# Jeweler's Bench



## mwaldtha (Feb 28, 2010)

*The Top*

My wife and I have been sharing my workbench out in the garage for my woodworking projects as well as her jewelry making projects for a while now but we both decided it was time for her to have her own workbench. We looked around online and found some nice looking jeweler's benches but of course I said: "I could just build you one of those.", so here we are. I quickly looked around for some plans but didn't find any so I just had her pick out the one she liked best and decided to give it a go based on the picture of the one she selected.










I'm building the jeweler's bench mainly out of baltic birch plywood and alder. The picture above shows a maple butcher block type top, but I couldn't afford one of those so I built up my top from the plywood and wrapped it with the alder. This meant I had to figure out a way to wrap that curved section on the front of the bench. I thought about using a veneer but I don't think that would hold up very well once she starts really using the bench. Instead I created a template of the profile from some 1/4" MDF and using my jigsaw for the rough cut (I don't have a band saw) and my router with a flush trim bit I cut the bench top to the profile.










I then used the same template to cut out three pieces of alder to use as the wrapping of the front edge. Well, when I finished with that I found that the pieces of alder didn't really match the profile in the bench top. They were close, but something wasn't right. I'll admit that it took me a little while to understand what went wrong.
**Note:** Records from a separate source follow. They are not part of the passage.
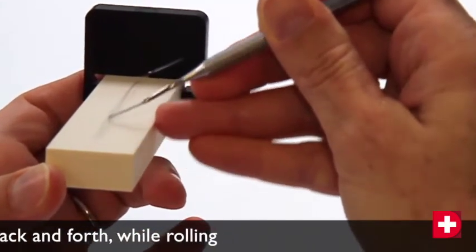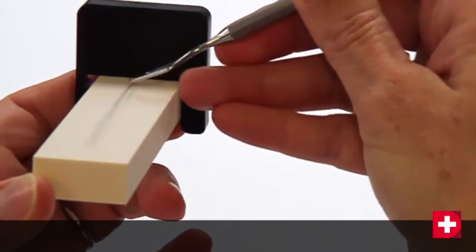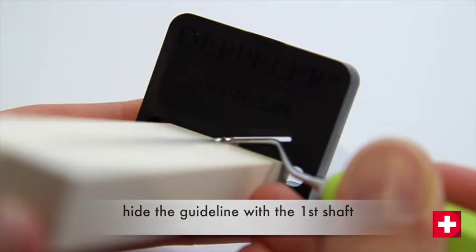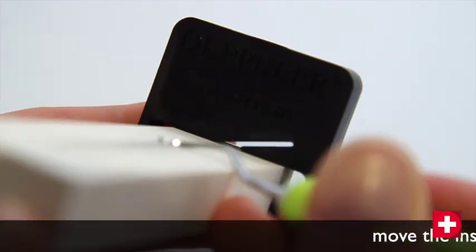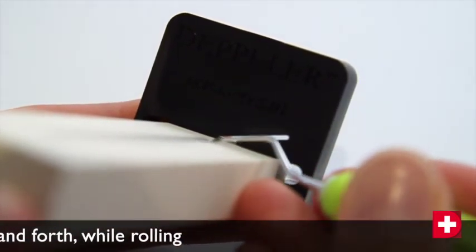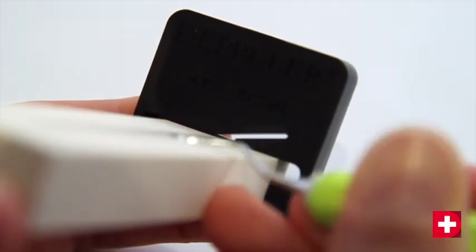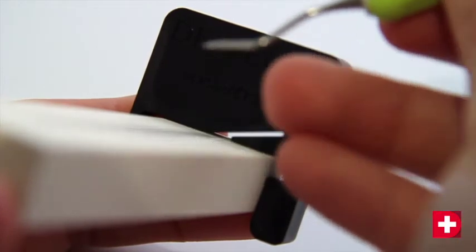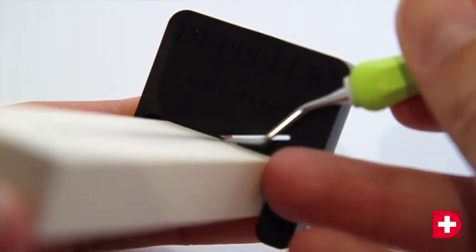For universal scalers and curettes, use the universal coach. The method is the same. Lay the lateral surface of the blade flat against the stone. Cover the guideline with the lower or terminal shank of the instrument. Move the instrument back and forth whilst rolling the handle between your fingers. Use a magnifying glass from time to time to check that the geometry of the blade has not been altered. Using a permanent marker, you may also paint the lateral surfaces of the blade to check the angle and the uniformity of your sharpening skills.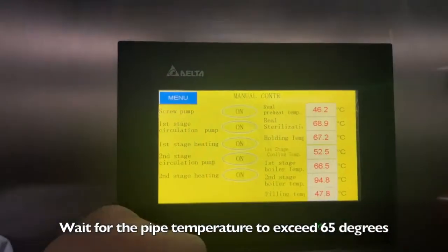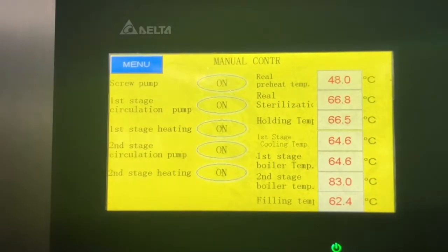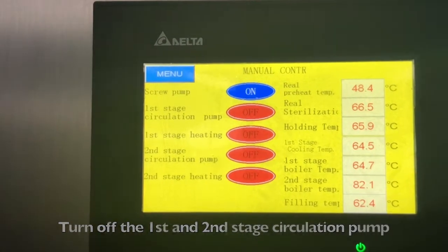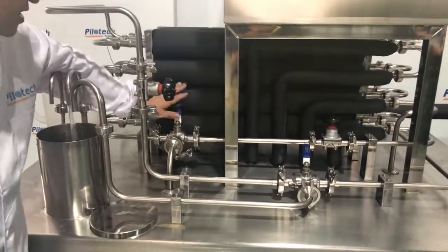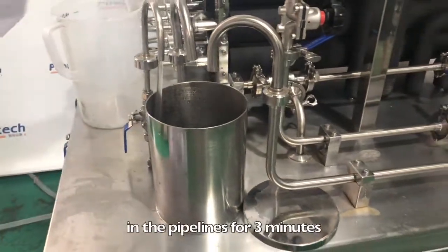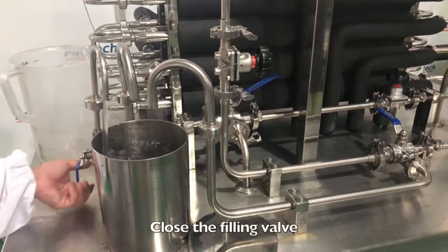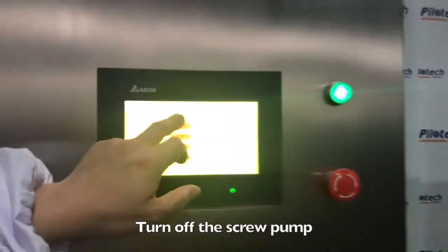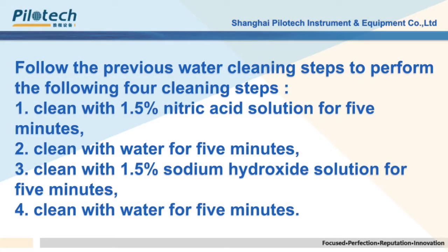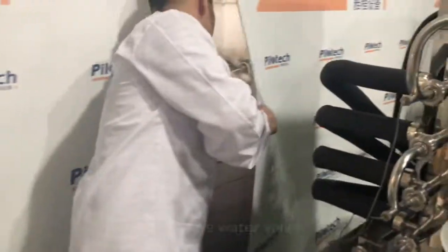Wait for the pipe temperature to exceed 65 degrees. After 5 minutes of circulation, turn off the first and second stage circulation pumps. Turn the three-way valve to the drain position. Add clean water to drain the sewage in the pipelines for 3 minutes. Close the filling valve and turn off the screw pump. After CIP cleaning is complete, turn off the touch screen and close the water valve.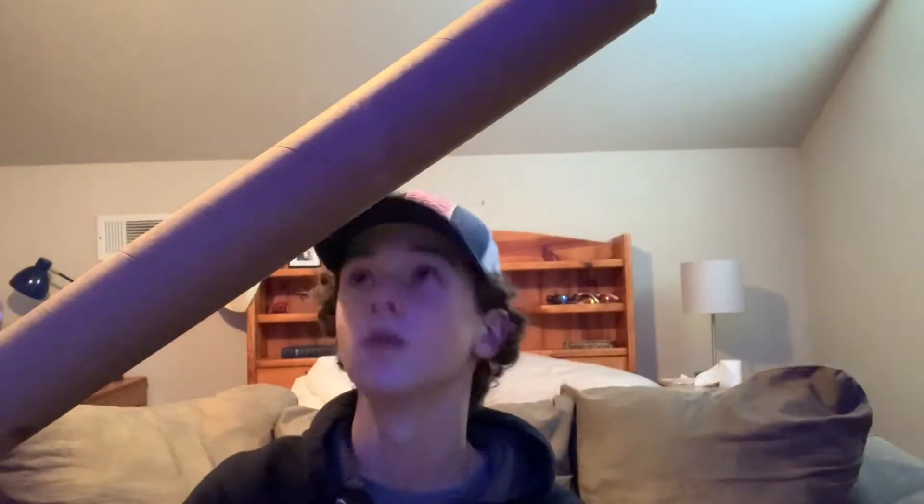All right guys, we're in my room now and this giant thing above me is the rod — it's pretty big. Good job on the packaging, Quantum. I got it off of quantumfishing.com — go check it out, they have some really good stuff on there. Let's crack this baby open. Here's the grand reveal — we just popped off the cap.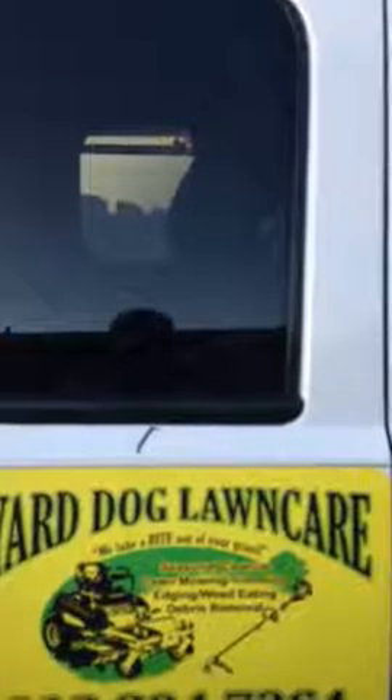Sup everyone, this is Yard Dog Lawn Care in South Georgia. I'm going to show you how I set up my 6x12 enclosed trailer with everything you need to do lawn care — basically everything you can do in the yard.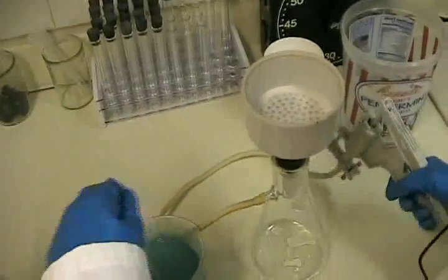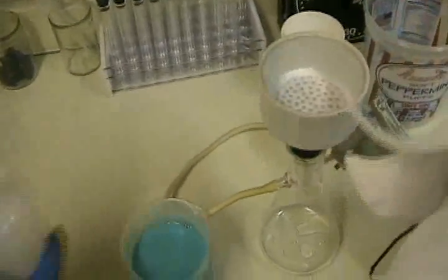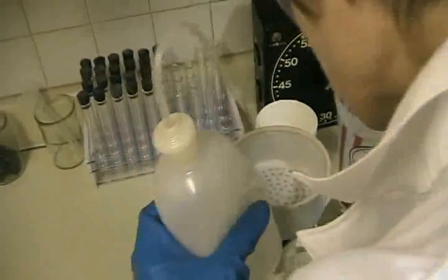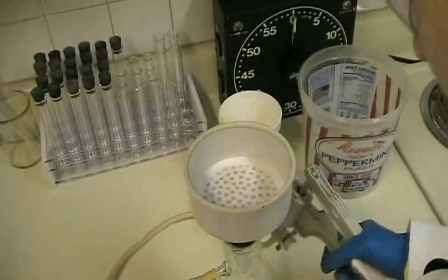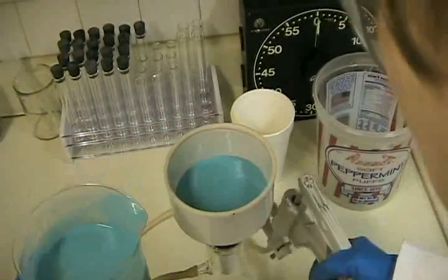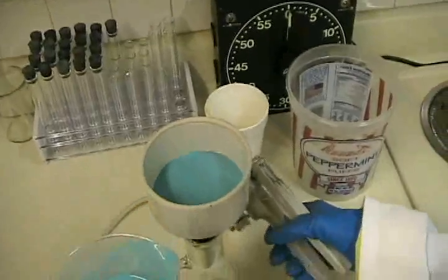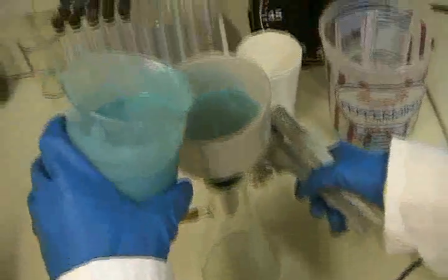You can hear that I'm generating a bit of vacuum. Keep the filter paper moist and make sure all the holes are covered so none of the solution can escape. I'll keep the beaker swirled a little bit so the precipitate doesn't settle, and you can see how quickly this nice little hand pump pulls that liquid right out of the crystals.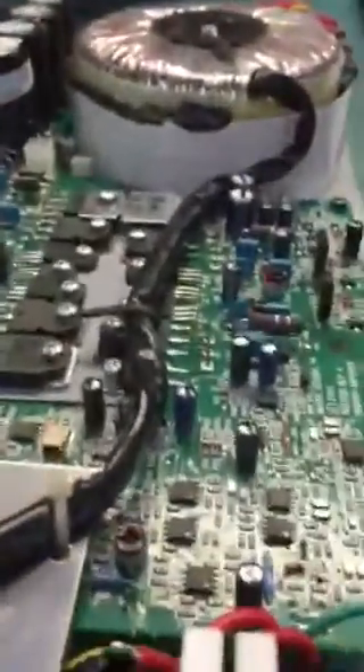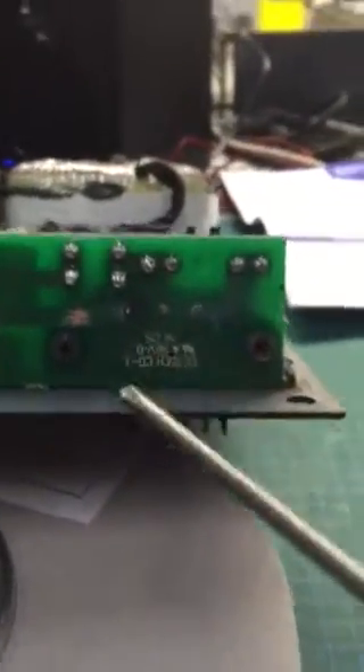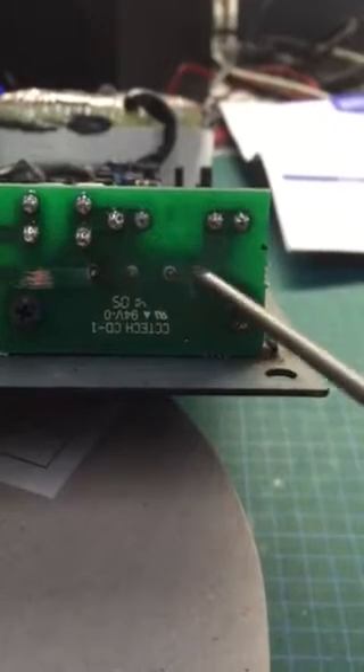Initial inspection — can't seem to see anything major on the board that stands out, but inspection of the bottom board where the IEC lead plugs into the IEC socket, there is a dry joint there and there.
Well, it started with the creation of my template. See, I made the template from the edge of the piece of MDF which meant I really only had one part of the template. (Technically I did have the other part, the waste cut, but it was too small to clamp in place and use.) Anyway, when I used the template to create the face of the wrapping it worked fine, but when I slid the template back to cut the back side of the wrapping I really needed to be following the other piece of the template instead. This basically comes down to the fact that the corners of the profile are curved and this meant that while my bit was following the outside radius of a curve it was cutting the inside radius of that curve into the back side of the wrapping and that is why they didn't match up properly. Hopefully that description makes sense. ;-) I ended up creating the missing template on the opposite edge of the MDF (as shown in the picture above) and then cut the top to match the back of the wrapping pieces. This meant not much was wasted, except time and a few brain cells.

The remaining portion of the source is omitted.